West Texas Intermediate, the North American crude oil benchmark, fluctuated between US$57 and US$62 last week after the attack on Saudi Aramco, the world’s largest exporter of petroleum. The Saudi incident in and of itself will not revive the fortunes of Canada’s energy sector, but it did cause some stock prices of companies in the sector to surge, however briefly.

For the Globe and Mail this week, we look for Canadian companies involved in oil and gas production, extraction and distribution, with a focus on quality and sustainability, amid global geopolitical tensions.

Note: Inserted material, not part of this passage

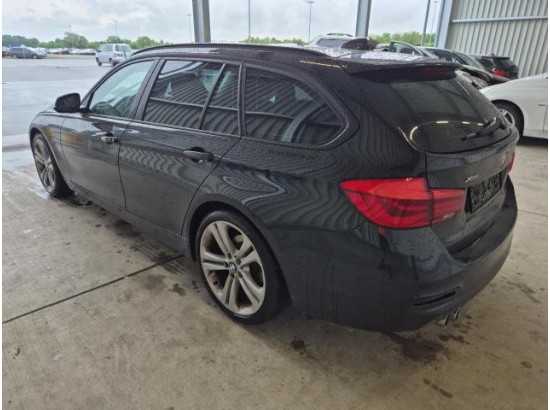 2018 BMW 3er Touring 330 i xDrive Advantage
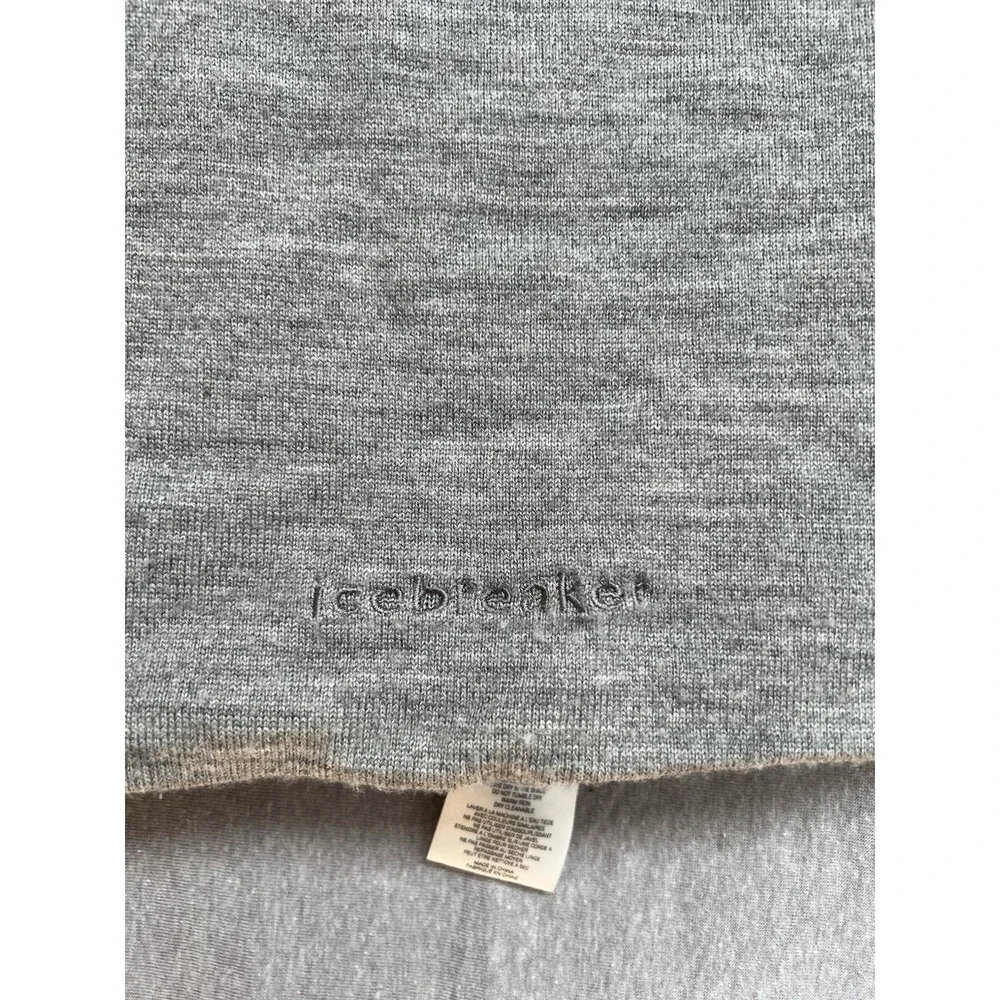 Icebreaker 100% Merino Wool Neck Gaiter Adult Gray OS Hiking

We screen the domestic energy sector for companies by using the following criteria:

  • Market capitalization greater than $2-billion;
  • A positive change in the 12-month net operating profit after tax (NOPAT) – a measure of operating efficiency that excludes the cost and tax benefits of debt financing by simply focusing on the company’s core operations net of taxes;
  • A future-growth-value-to-market-value ratio (FGV/MV) between minus 50 per cent and 50 per cent, to exclude companies with exaggerated discounts or premiums. FGV/MV represents the proportion of the market value of the company that is made up of future growth expectations rather than the actual profit generated. The higher the percentage, the higher the baked-in premium for expected growth and the higher the risk;
  • Free-cash-flow-to-capital ratio. This metric gives us an idea of how efficiently the company converts its invested capital to free cash flow, which is the amount left after all capital expenditures have been accounted for. It is an important measure because it gives us the company’s financial capacity to pay dividends, reduce debt and pursue growth opportunities. We are always looking for a positive ratio and more than 5 per cent is excellent;
  • Economic performance index (EPI) greater than 0.5 and growth in the 12-month EPI, which is the ratio of return on capital to cost of capital, representing the wealth-creating ability of the company. For EPI, anything above one is favourable – the higher the figure the better.